(TASK REQUIREMENTS): Retype word for word the stretch of entries below from the line that has "Destina Quilted Double Bedspread Navy Blue" through the line that has "2025 𝐄𝐂𝐆+𝐇𝐑𝐕 Reloj", and omit the pictures.
*** DATA SECTION ***
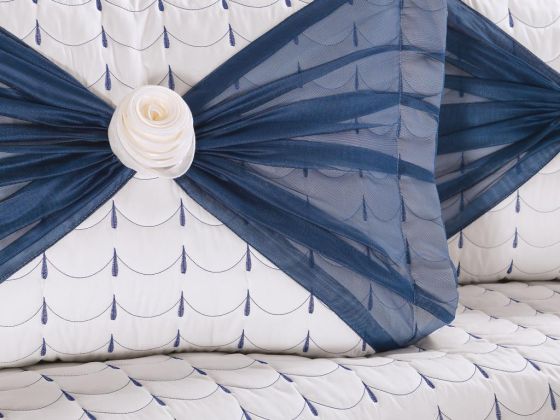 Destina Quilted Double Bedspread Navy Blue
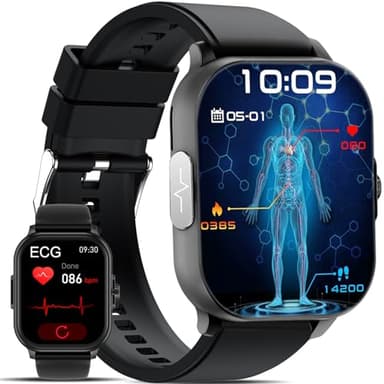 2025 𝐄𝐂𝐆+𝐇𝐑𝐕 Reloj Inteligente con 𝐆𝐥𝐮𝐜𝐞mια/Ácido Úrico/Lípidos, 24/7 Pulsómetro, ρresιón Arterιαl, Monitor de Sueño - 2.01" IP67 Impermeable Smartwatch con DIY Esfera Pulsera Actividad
*** End of DATA SECTION ***
*** DATA SECTION ***
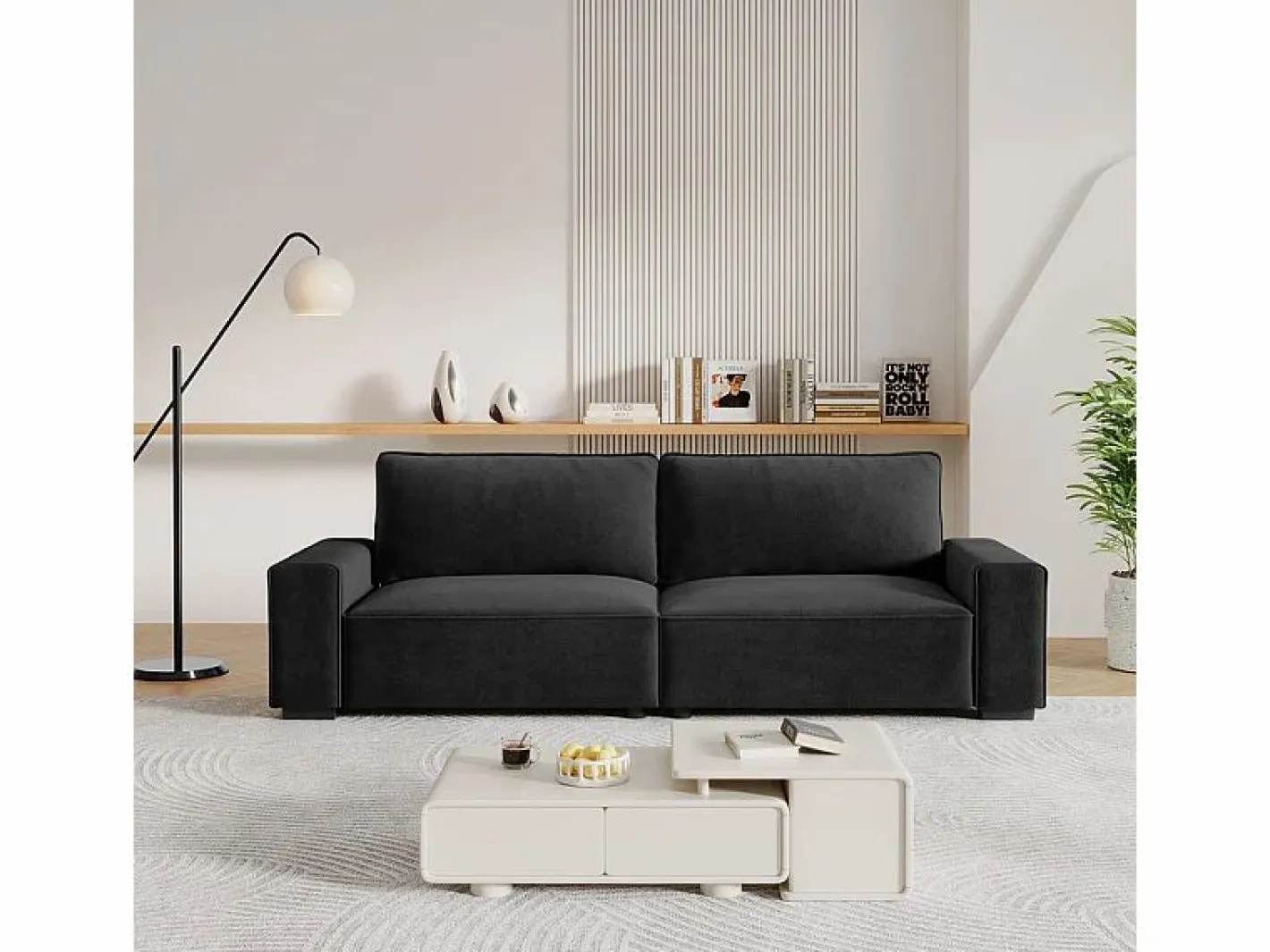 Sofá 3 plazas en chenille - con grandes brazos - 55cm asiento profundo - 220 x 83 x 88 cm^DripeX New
*** End of DATA SECTION ***
*** DATA SECTION ***
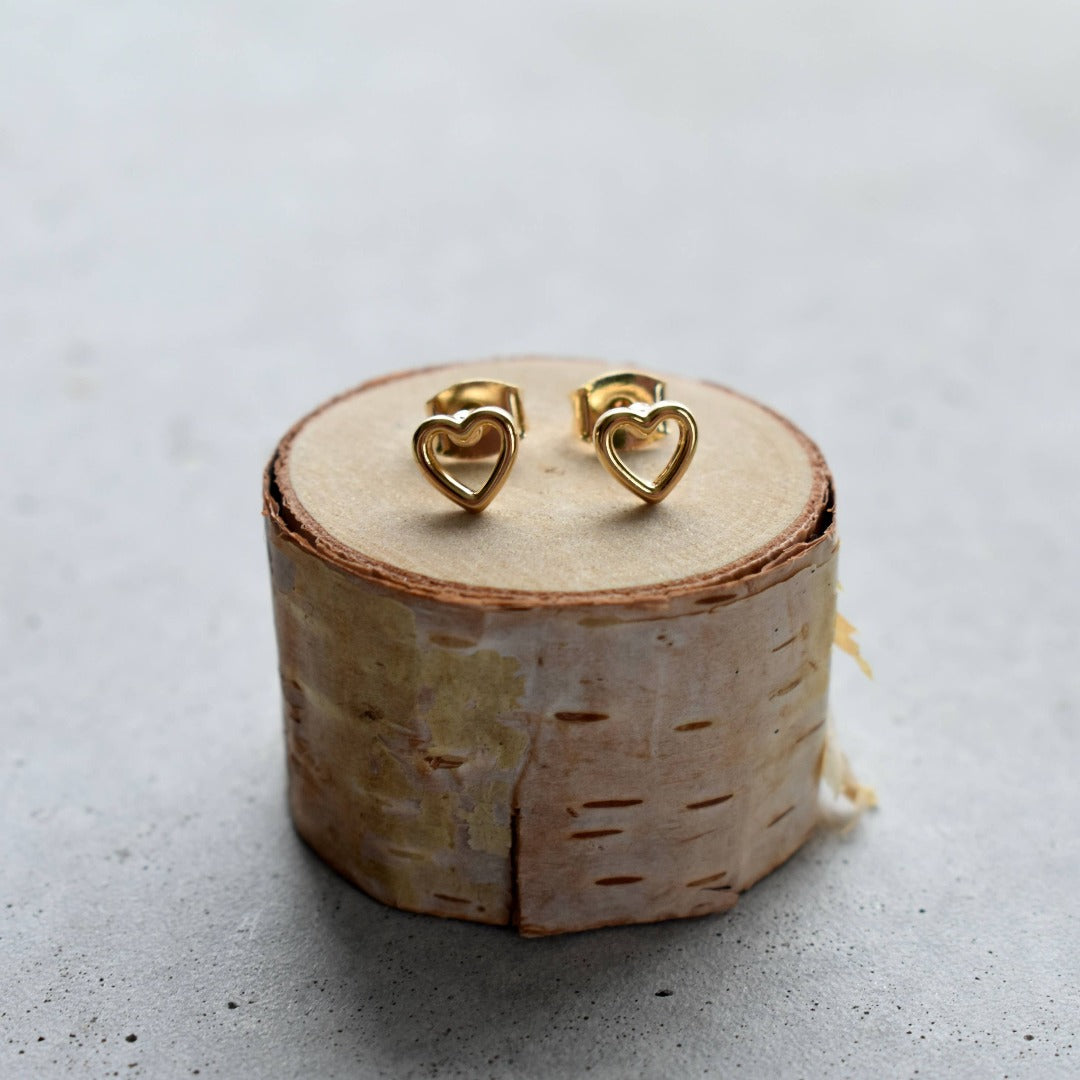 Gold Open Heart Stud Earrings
*** End of DATA SECTION ***
(EXERCISE RESPONSE):
 Destina Quilted Double Bedspread Navy Blue
 2025 𝐄𝐂𝐆+𝐇𝐑𝐕 Reloj Inteligente con 𝐆𝐥𝐮𝐜𝐞mια/Ácido Úrico/Lípidos, 24/7 Pulsómetro, ρresιón Arterιαl, Monitor de Sueño - 2.01" IP67 Impermeable Smartwatch con DIY Esfera Pulsera Actividad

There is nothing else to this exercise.